Transcribe exactly, leaving out pictures, the lines from the one that holds "Pet Supplies Hours" through the end of the data below, including both end lines and no others.

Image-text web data
:::::

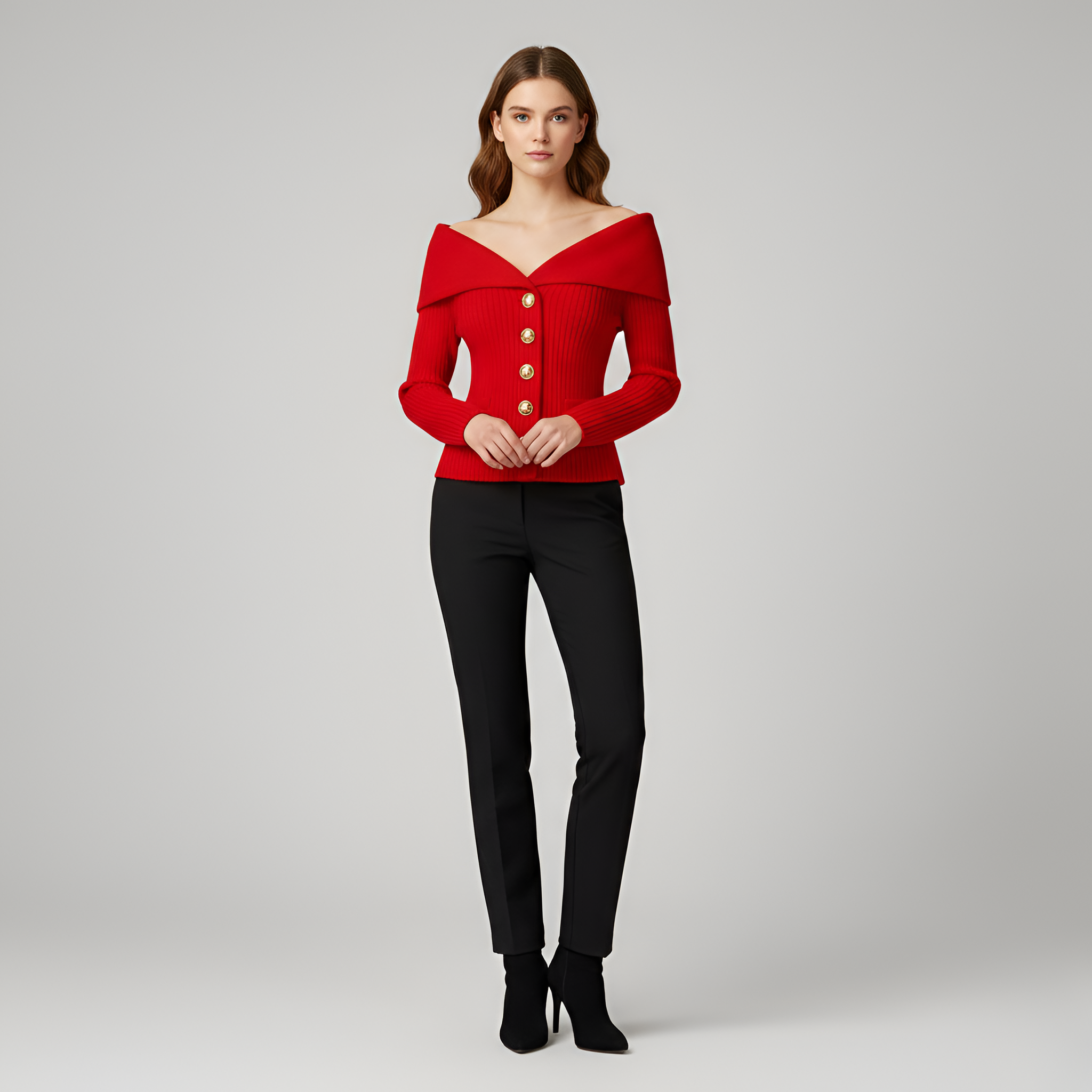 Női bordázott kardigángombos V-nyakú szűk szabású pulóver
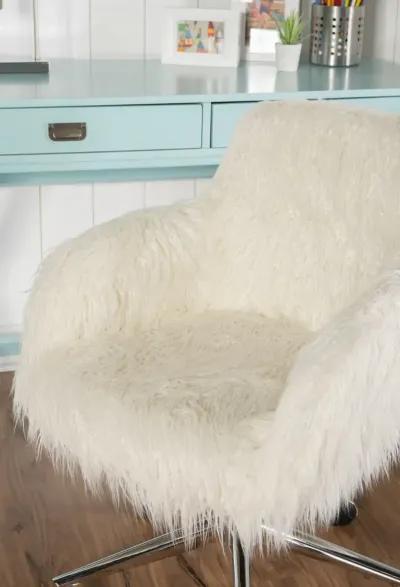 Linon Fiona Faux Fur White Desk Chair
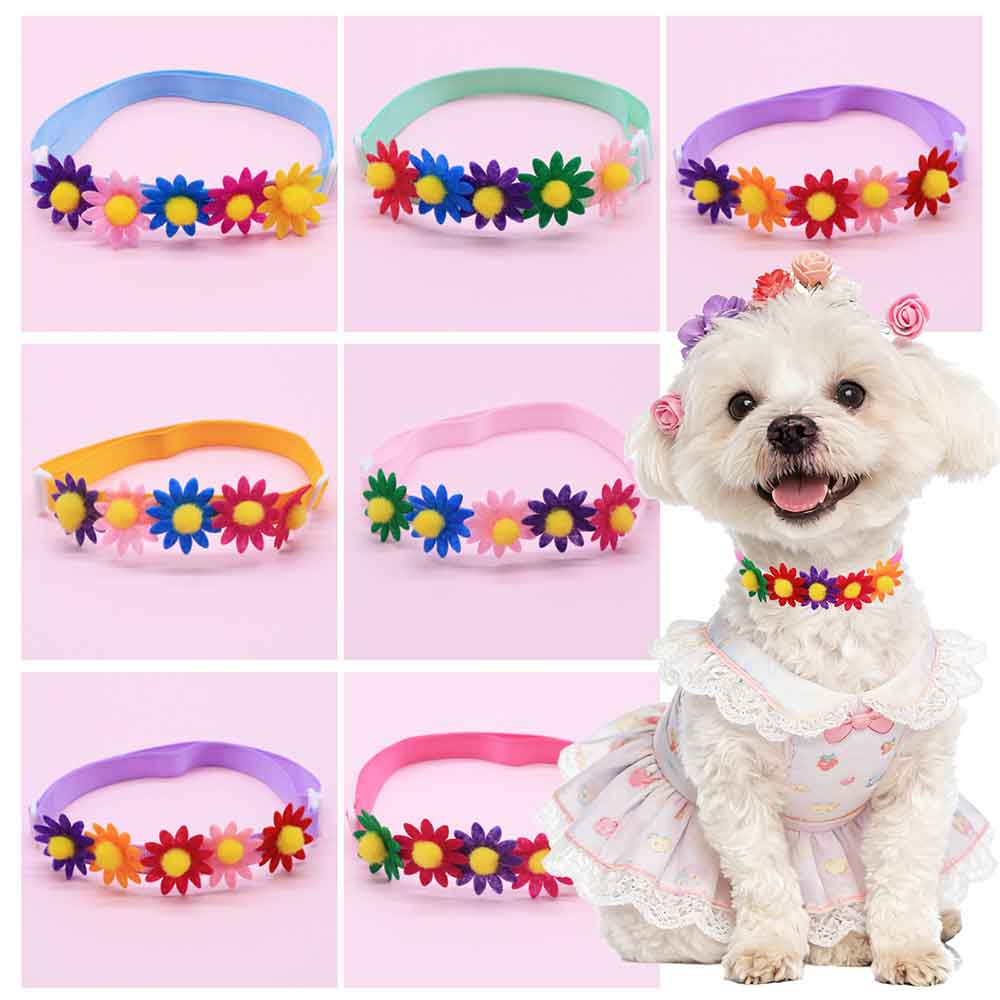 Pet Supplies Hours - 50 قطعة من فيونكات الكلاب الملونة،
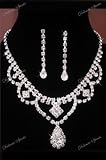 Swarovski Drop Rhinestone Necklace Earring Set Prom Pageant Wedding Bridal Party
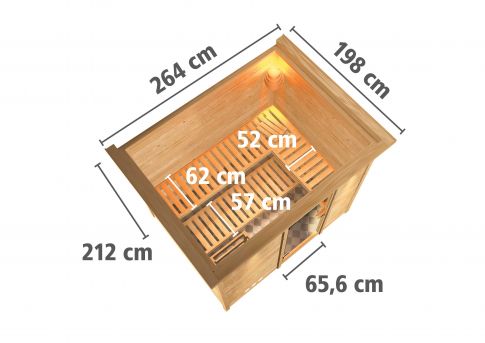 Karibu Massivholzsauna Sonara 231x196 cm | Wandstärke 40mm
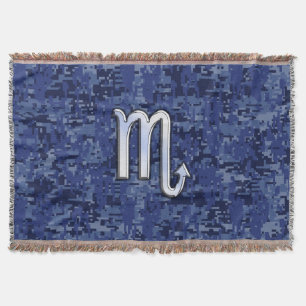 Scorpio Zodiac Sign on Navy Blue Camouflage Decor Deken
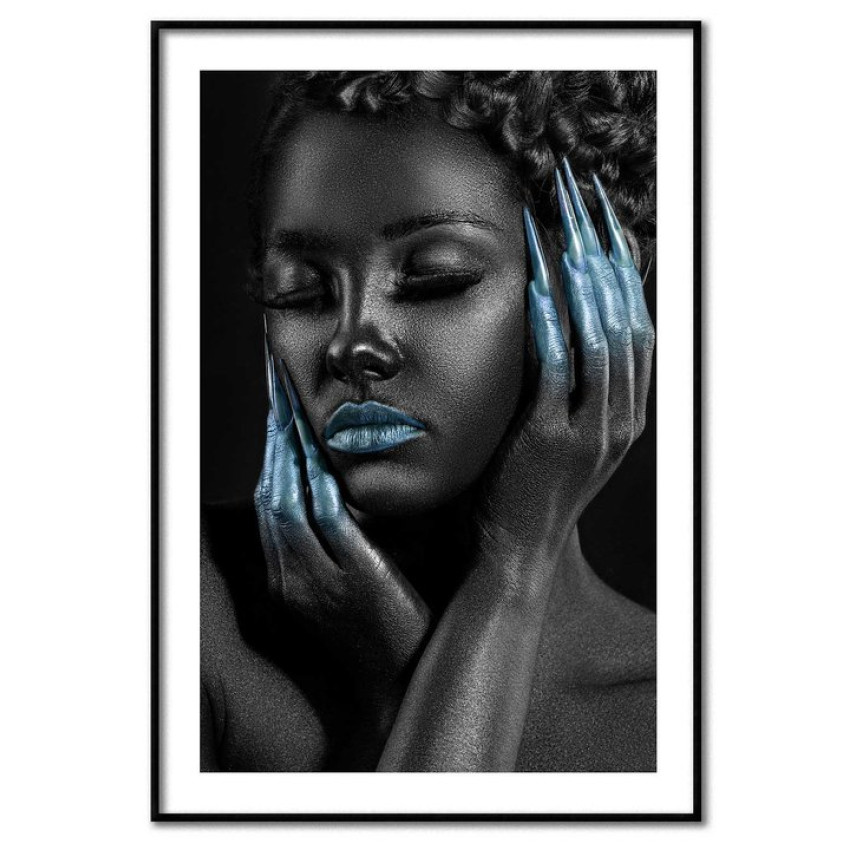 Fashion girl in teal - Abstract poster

:::::

Your solution:
 Pet Supplies Hours - 50 قطعة من فيونكات الكلاب الملونة،
 Swarovski Drop Rhinestone Necklace Earring Set Prom Pageant Wedding Bridal Party
 Karibu Massivholzsauna Sonara 231x196 cm | Wandstärke 40mm
 Scorpio Zodiac Sign on Navy Blue Camouflage Decor Deken
 Fashion girl in teal - Abstract poster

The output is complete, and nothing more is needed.